Councillors eventually voted for a mix of 50 percent private residential, 30 percent social housing, and 20 percent affordable housing for these council-owned sites.

But it was unclear exactly what “affordable” meant for those sites at Oscar Traynor Road in Coolock, O’Devaney Gardens, and St Michael’s Estate in Inchicore.

“We feel affordable rental is the best option, but we’re keeping the option of affordable mortgage there as well,” said Assistant Chief Executive Brendan Kenny, back in January.

There are an estimated 1,350 homes and apartments planned for the lands, and 270 of them are supposed be affordable housing.

But what does that mean, and who should get access to them?

Developing Plans

Right now, that still hasn’t been decided, said Sinn Fein Councillor Daithi Doolan, who chairs the council’s housing committee.

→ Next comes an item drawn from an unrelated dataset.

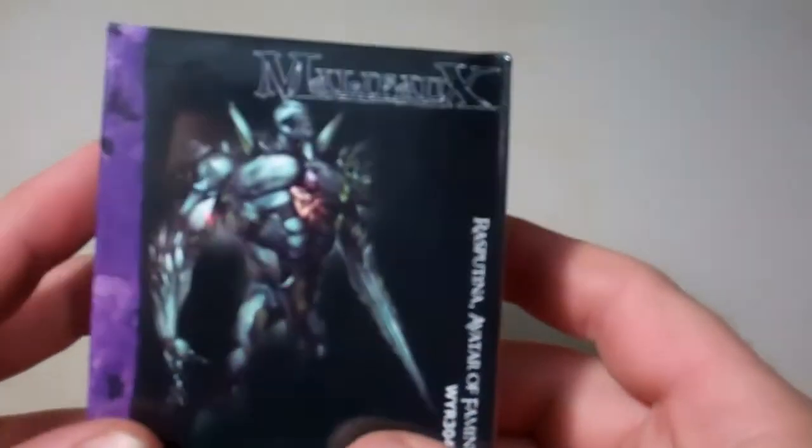I'm going to take a look here at one of the December releases from Malifaux, and this is Rasputina Avatar of Famine.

The council is looking at two different models in other countries to see what has been developed there, he said. One would be to use voluntary housing associations to build and run affordable-rental homes.

The other would be for a large investment company, such as an insurance company, to make a long-term investment and then retain ownership of the properties, he says. (They would likely be apartments.)

“It is something we absolutely need to address for people who don’t want to buy, or can’t buy, and who don’t qualify for social housing,” he says.

Doolan says he thinks the council is leaning towards an affordable rental model, whereby the rent is set at 70 percent of market rates.

And he says he would like to see housing associations build and run the schemes, rather than private developers.

“I’d be leaning more towards the housing associations myself as it would be more transparent and accountable,” he says.

Housing associations – also known as “voluntary housing associations” or “approved housing bodies” – are independent, not-for-profit charities that provide housing.

Housing Associations

They say they’re ready. “This could be done tomorrow and it would pay for itself,” says Simon Brooke, head of policy at Clúid Housing.

“The only thing the state would need to do is give us a loan for the initial 20 or 30 percent, which they would get back,” says Brooke.

Brooke says that Clúid Housing would use a model similar to the one they use to build social housing at the moment.

Housing associations get a loan from government for between 10 percent and 30 percent and borrow the rest from the Housing Finance Agency, he says. They pay the state back in full, but they pay them last.

If the state were willing to lend them 20 or 30 percent of the cost of building the affordable properties, he says that they could borrow the other 70 or 80 percent and use the income from tenants to repay that loan.

When the larger loan was repaid they would then repay the state. Ultimately, the housing association would own the properties going forward and could then rent them out at a low cost to low-income families.

He envisages that tenants of affordable housing would pay according to their income.

“That is viable and that would work. In the long term, the state would have a growing stock of housing for rent, that could be rented out at very low rents without any government subsidy at all,” Brooke said.

But some are unconvinced by the idea of depending on housing associations.

Workers’ Party Councillor Eilis Ryan says the state should build the housing itself, tying rent to income. It would benefit from greater economies of scale, and can borrow at the lowest rates, she argues.

Alternatively, researchers at the Nevin Economic Research Institute argue that there should be a commercial semi-state set up by the government to provide a mix of social and affordable housing.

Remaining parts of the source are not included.